> **ACTIVITY**
Reproduce verbatim all of the data given below, but do not carry over the images.
□ □ □ □ □
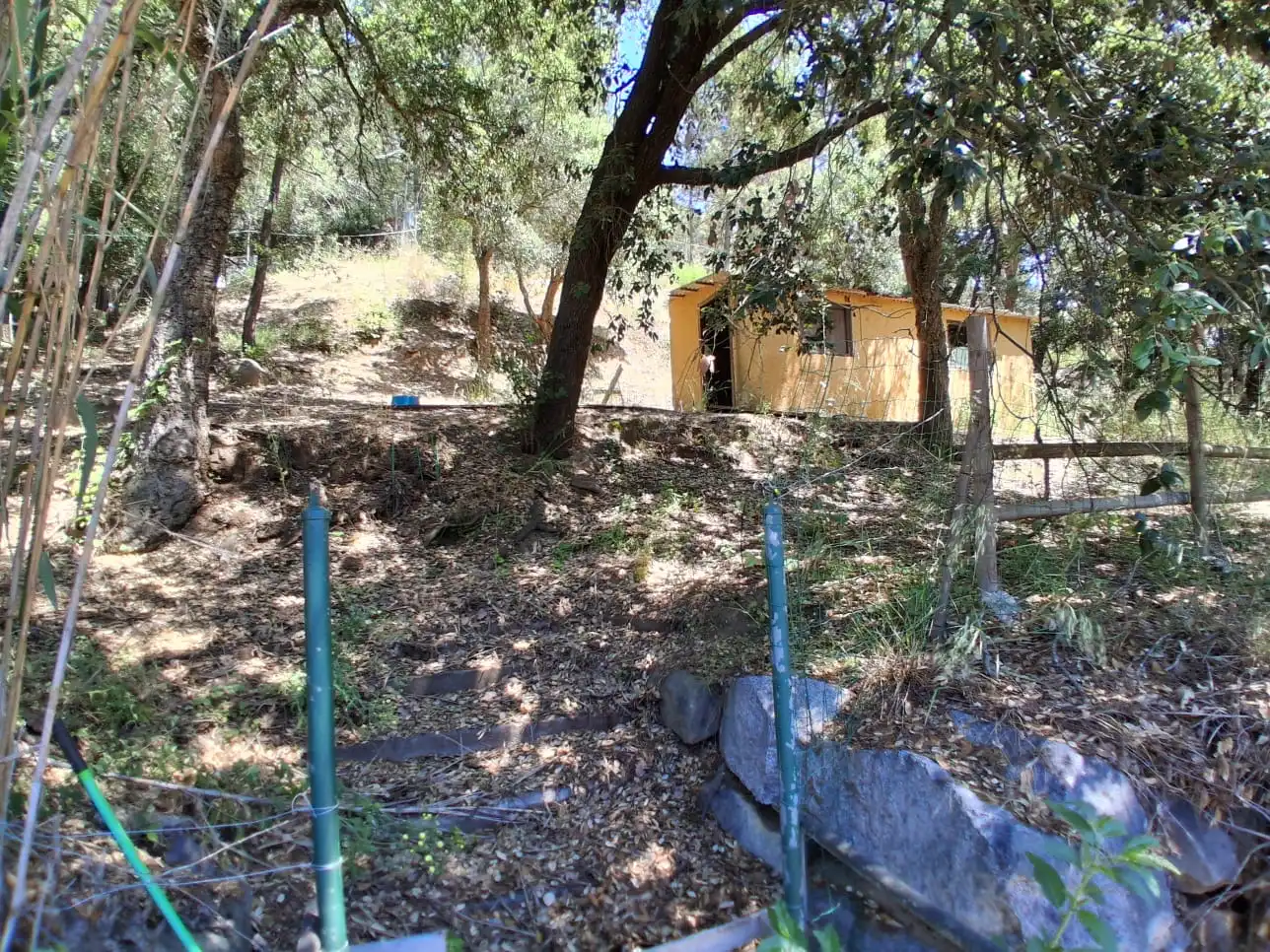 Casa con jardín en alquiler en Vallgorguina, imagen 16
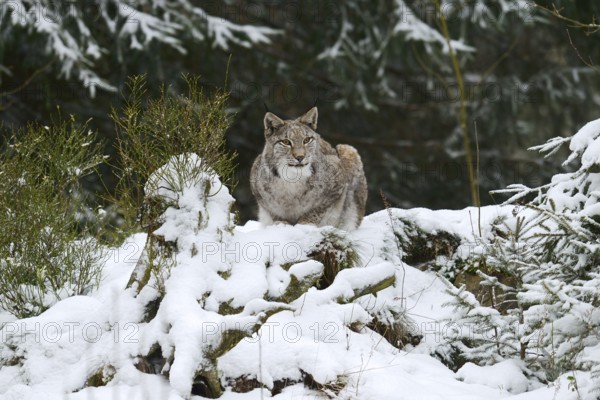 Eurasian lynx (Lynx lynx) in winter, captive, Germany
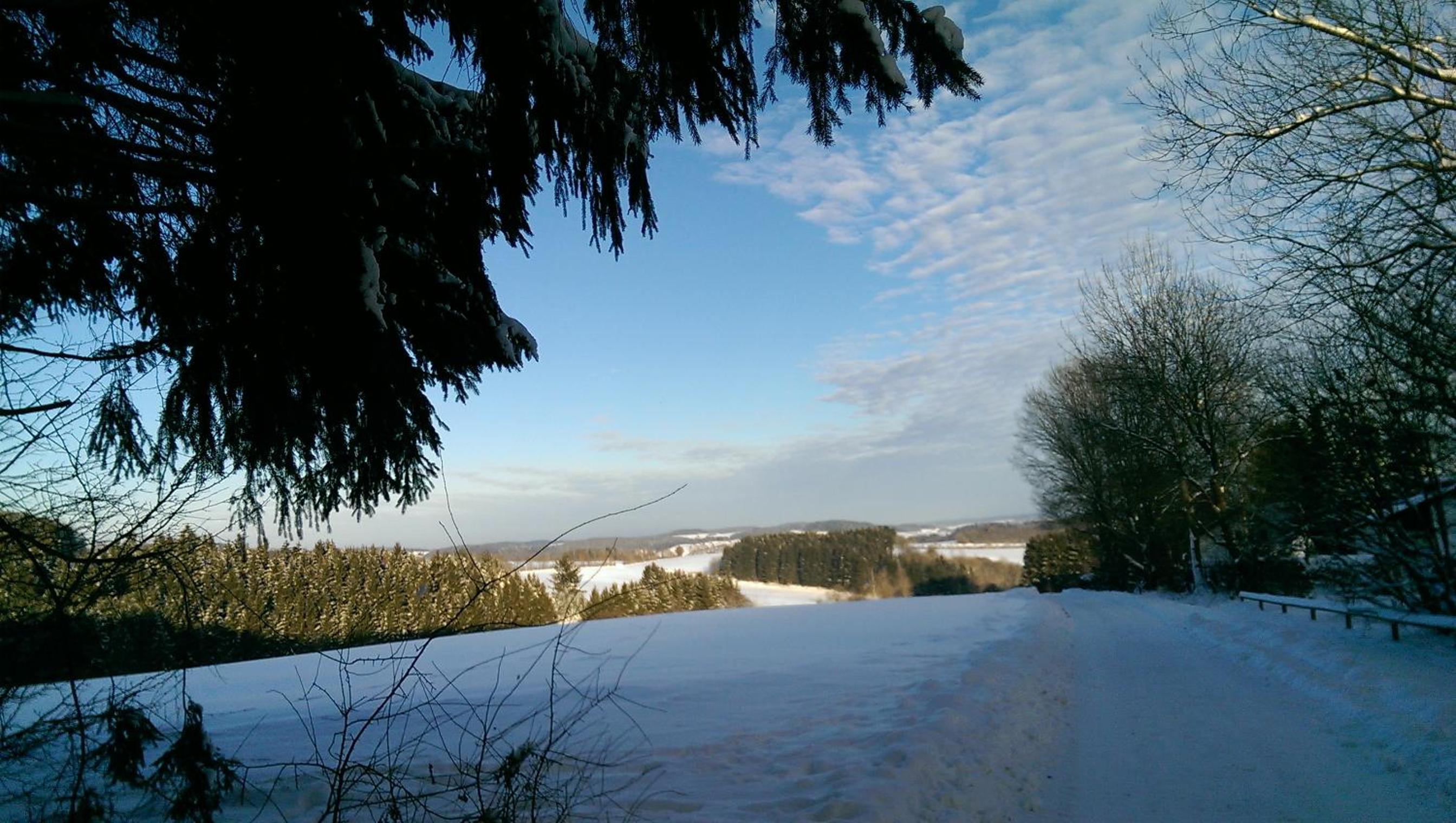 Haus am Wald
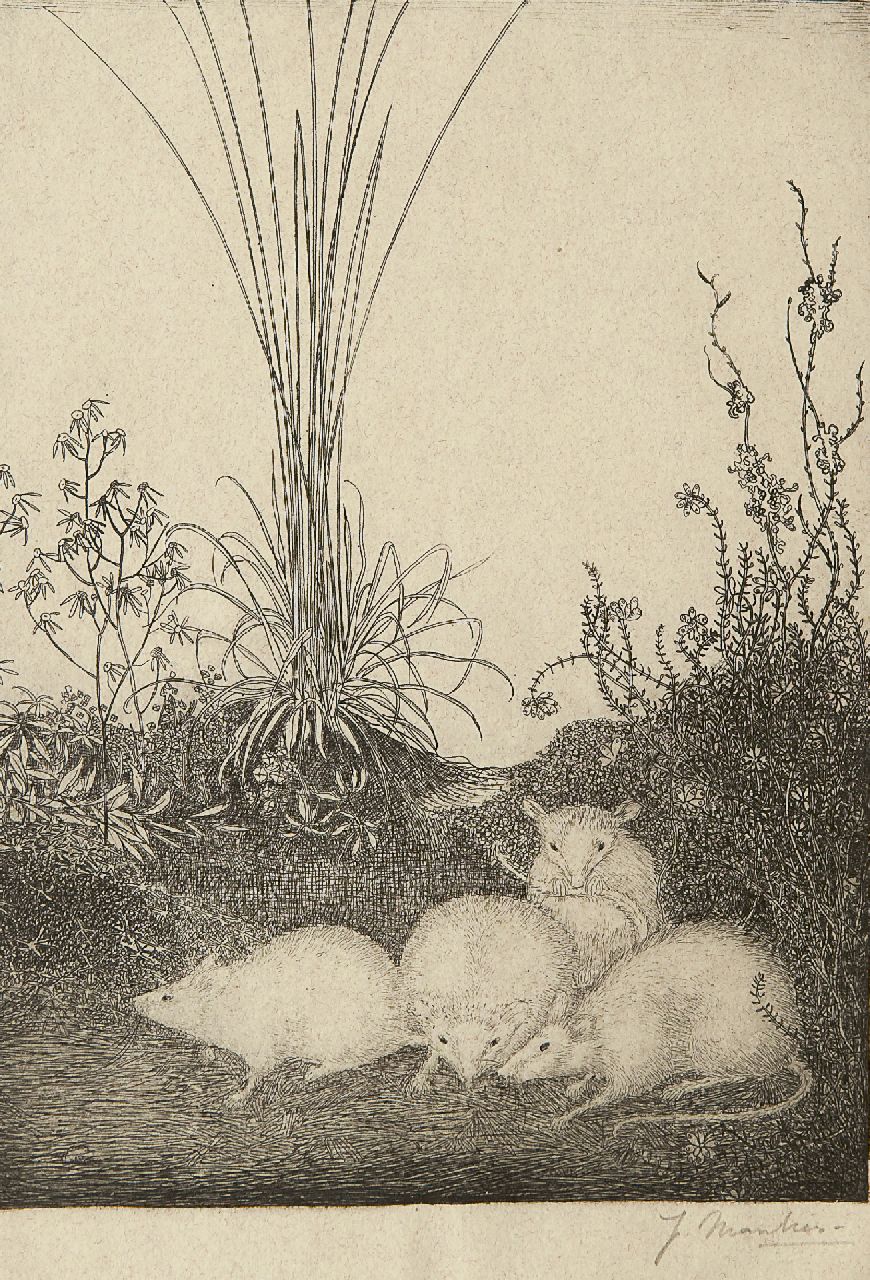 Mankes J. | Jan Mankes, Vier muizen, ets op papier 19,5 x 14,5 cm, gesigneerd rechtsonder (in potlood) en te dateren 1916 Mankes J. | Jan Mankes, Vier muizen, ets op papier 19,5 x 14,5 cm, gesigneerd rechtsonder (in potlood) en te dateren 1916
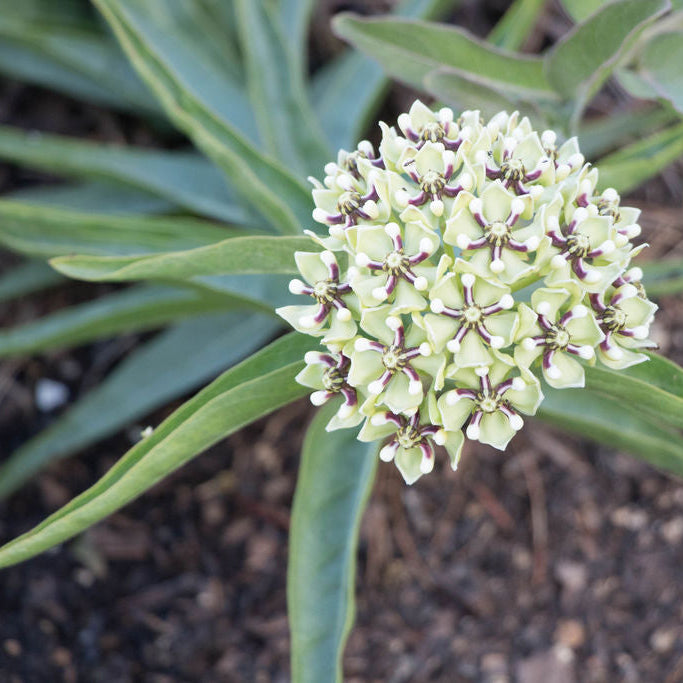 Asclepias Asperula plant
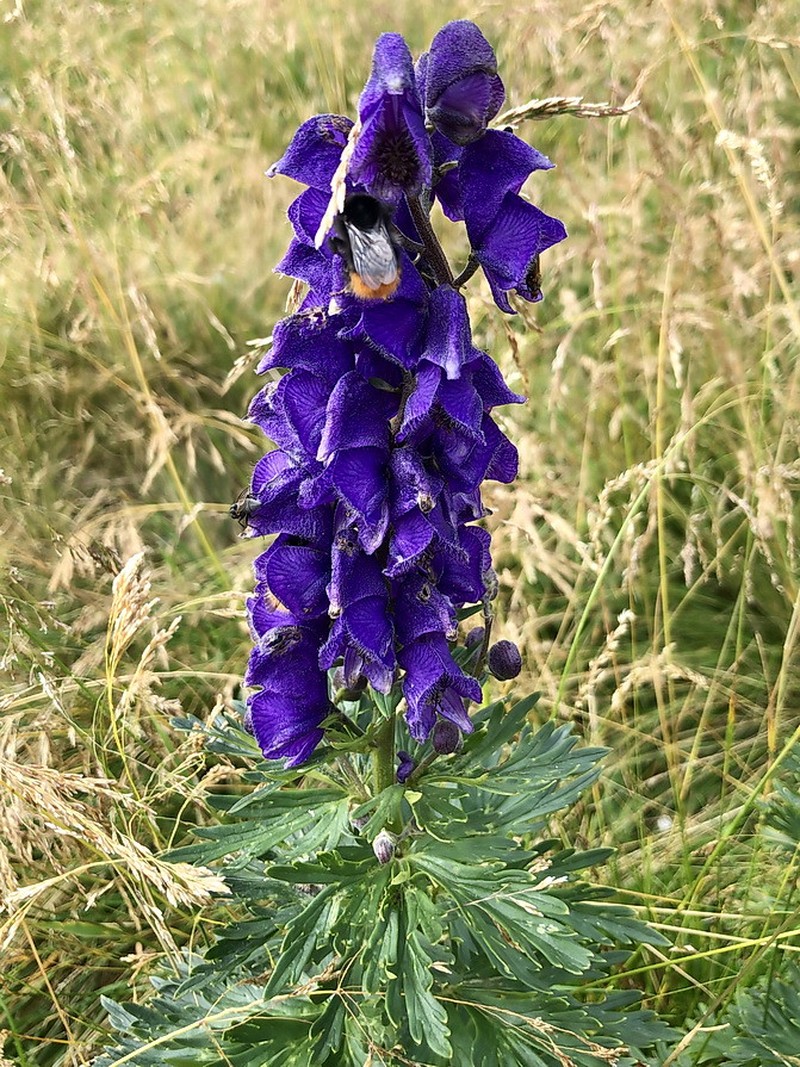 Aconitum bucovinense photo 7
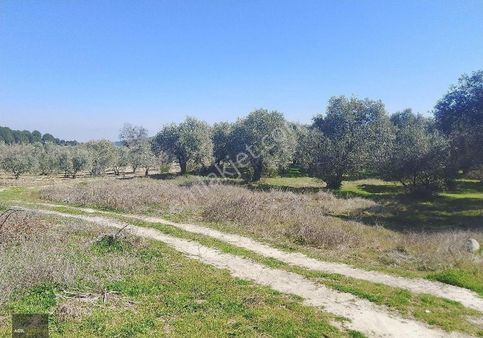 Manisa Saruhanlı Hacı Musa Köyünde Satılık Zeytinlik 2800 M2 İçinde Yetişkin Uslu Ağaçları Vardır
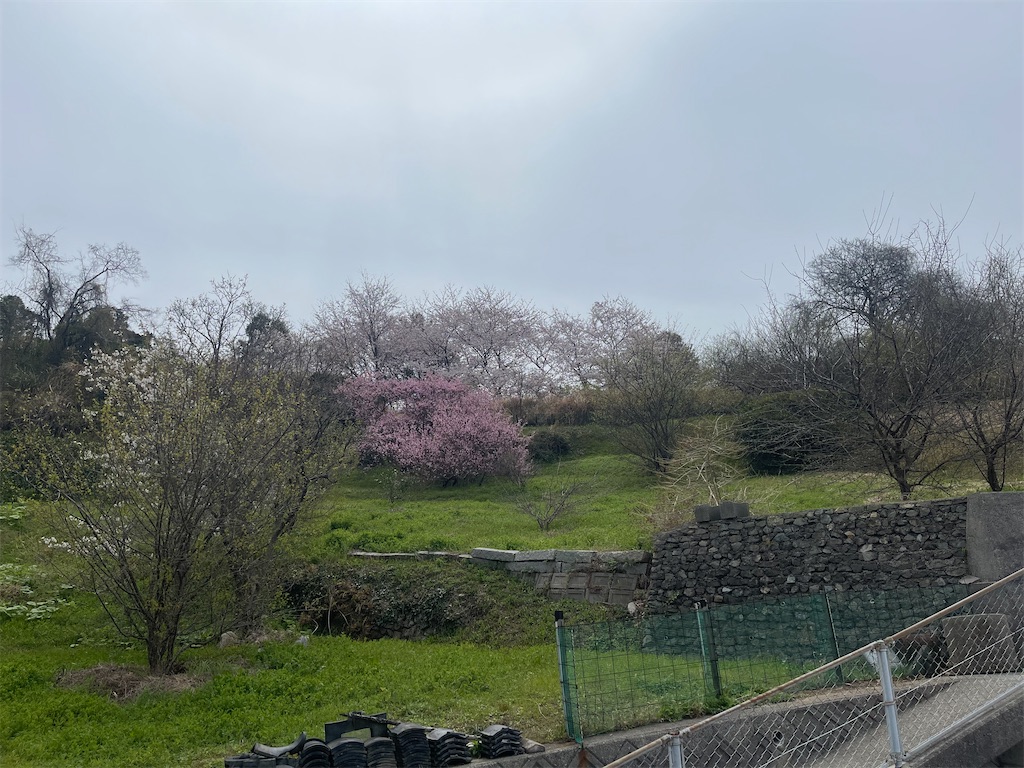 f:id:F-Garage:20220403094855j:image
□ □ □ □ □
> **EXPECTED OUTPUT**
 Casa con jardín en alquiler en Vallgorguina, imagen 16
 Eurasian lynx (Lynx lynx) in winter, captive, Germany
 Haus am Wald
 Mankes J. | Jan Mankes, Vier muizen, ets op papier 19,5 x 14,5 cm, gesigneerd rechtsonder (in potlood) en te dateren 1916 Mankes J. | Jan Mankes, Vier muizen, ets op papier 19,5 x 14,5 cm, gesigneerd rechtsonder (in potlood) en te dateren 1916
 Asclepias Asperula plant
 Aconitum bucovinense photo 7
 Manisa Saruhanlı Hacı Musa Köyünde Satılık Zeytinlik 2800 M2 İçinde Yetişkin Uslu Ağaçları Vardır
 f:id:F-Garage:20220403094855j:image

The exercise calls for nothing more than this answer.